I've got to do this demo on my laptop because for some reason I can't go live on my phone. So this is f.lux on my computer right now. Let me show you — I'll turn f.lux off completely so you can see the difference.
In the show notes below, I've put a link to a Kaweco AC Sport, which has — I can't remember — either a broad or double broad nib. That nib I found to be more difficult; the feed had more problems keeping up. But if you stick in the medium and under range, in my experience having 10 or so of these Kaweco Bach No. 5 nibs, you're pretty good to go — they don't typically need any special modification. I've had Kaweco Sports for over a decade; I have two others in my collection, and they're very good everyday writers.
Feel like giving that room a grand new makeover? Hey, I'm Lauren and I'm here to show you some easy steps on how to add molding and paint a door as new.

**********

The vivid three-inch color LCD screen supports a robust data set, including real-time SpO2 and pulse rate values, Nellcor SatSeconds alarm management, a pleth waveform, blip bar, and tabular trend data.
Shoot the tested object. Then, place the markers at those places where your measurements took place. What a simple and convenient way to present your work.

**********

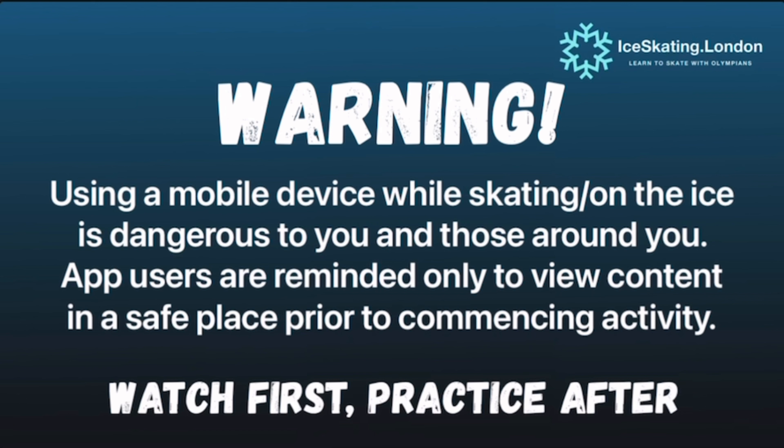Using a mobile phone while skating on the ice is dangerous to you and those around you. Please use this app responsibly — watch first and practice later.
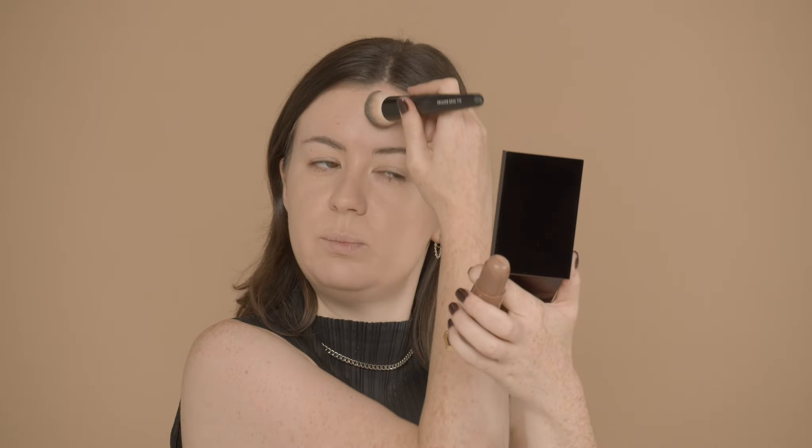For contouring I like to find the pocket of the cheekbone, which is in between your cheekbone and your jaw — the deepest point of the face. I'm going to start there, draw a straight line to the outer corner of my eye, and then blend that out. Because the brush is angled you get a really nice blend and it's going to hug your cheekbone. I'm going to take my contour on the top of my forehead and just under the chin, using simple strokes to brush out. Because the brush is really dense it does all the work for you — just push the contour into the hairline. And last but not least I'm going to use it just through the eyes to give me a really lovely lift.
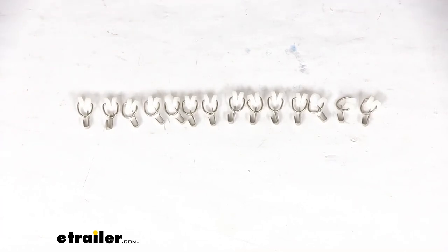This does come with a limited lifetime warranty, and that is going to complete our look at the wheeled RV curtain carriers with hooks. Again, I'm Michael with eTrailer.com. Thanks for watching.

**********

Problem details: Answer with a single number: how many lines above hold the word "some"?

Solution for this problem: 2